_Task details_
From the line with "2416 Stannye Dr, Northfield, KY 40222" to the line with "Volkswagen Crafter 35", output every line below exactly, both ends included. Skip the pictures.

[Data for analysis]

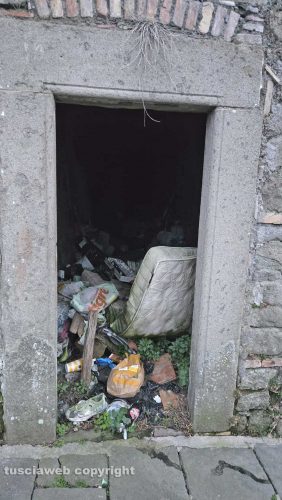 Viterbo - Discarica in via delle Caprarecce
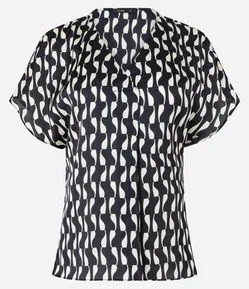 Blusa Acetinado com Decote V e Estampa Abstrata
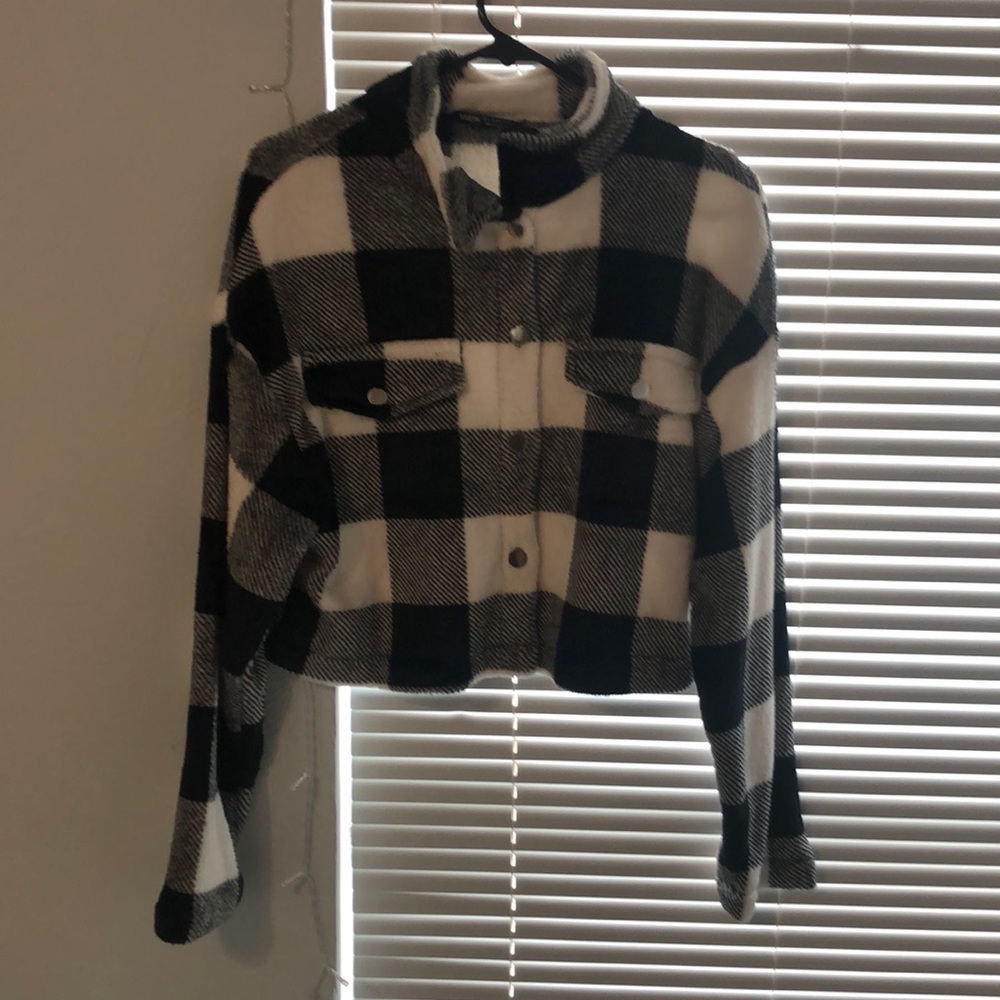 SHEIN Cropped Buffalo Plaid Shacket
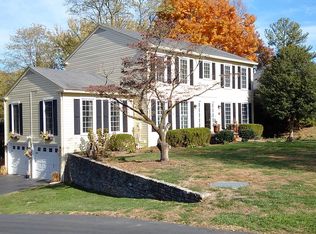 2416 Stannye Dr, Northfield, KY 40222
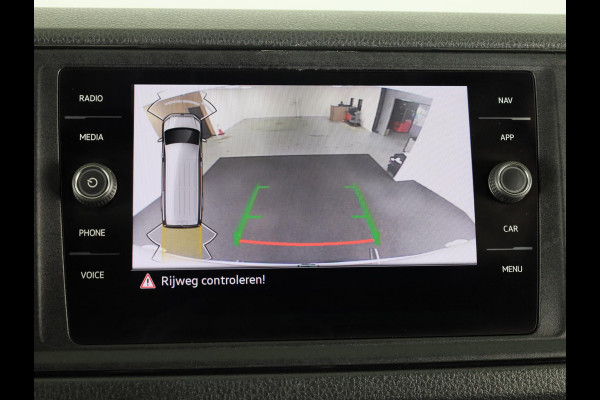 Volkswagen Crafter 35 2.0 TDI L3H3 EURO VI 140 pk Automaat (DSG) | Verlengde garantie | Navigatie | Parkeersensoren (Zijflankbescherming) | Achteruitrijcamera | Cruise control | 2 zitplaatsen rechtsvoor |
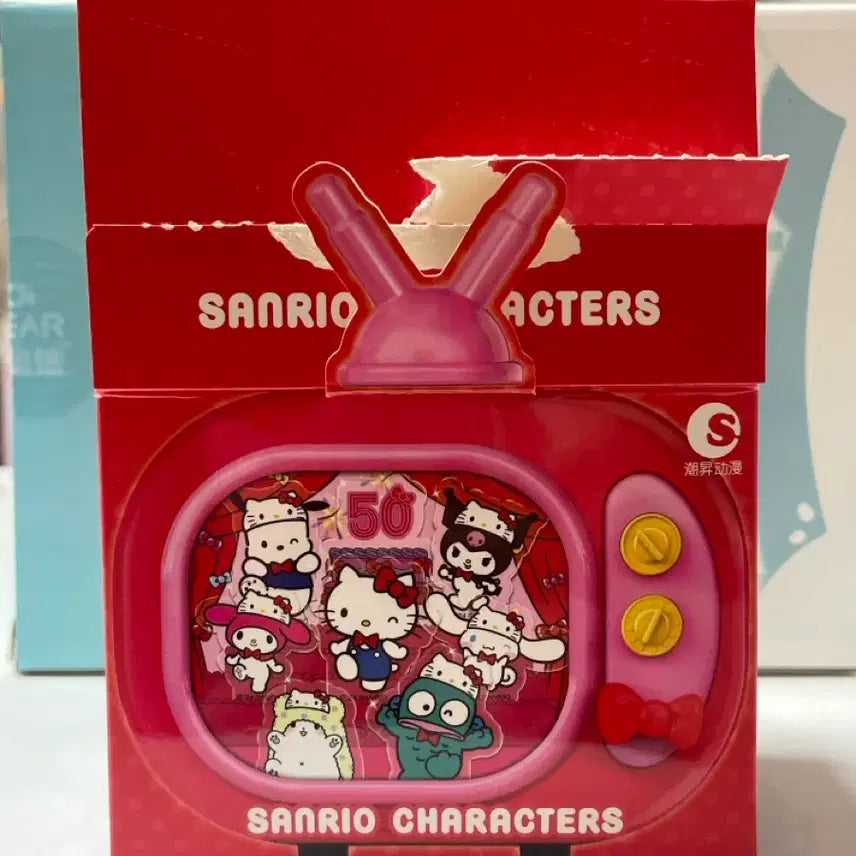 [BUNJANG] Sanrio Characters Hello Kitty 50th Anniversary Limited Edition Figure / 산리오 캐릭터즈 헬로키티 50주년 기념 한정판 키티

[/Data for analysis]

_Solution to the problem_
 2416 Stannye Dr, Northfield, KY 40222
 Volkswagen Crafter 35 2.0 TDI L3H3 EURO VI 140 pk Automaat (DSG) | Verlengde garantie | Navigatie | Parkeersensoren (Zijflankbescherming) | Achteruitrijcamera | Cruise control | 2 zitplaatsen rechtsvoor |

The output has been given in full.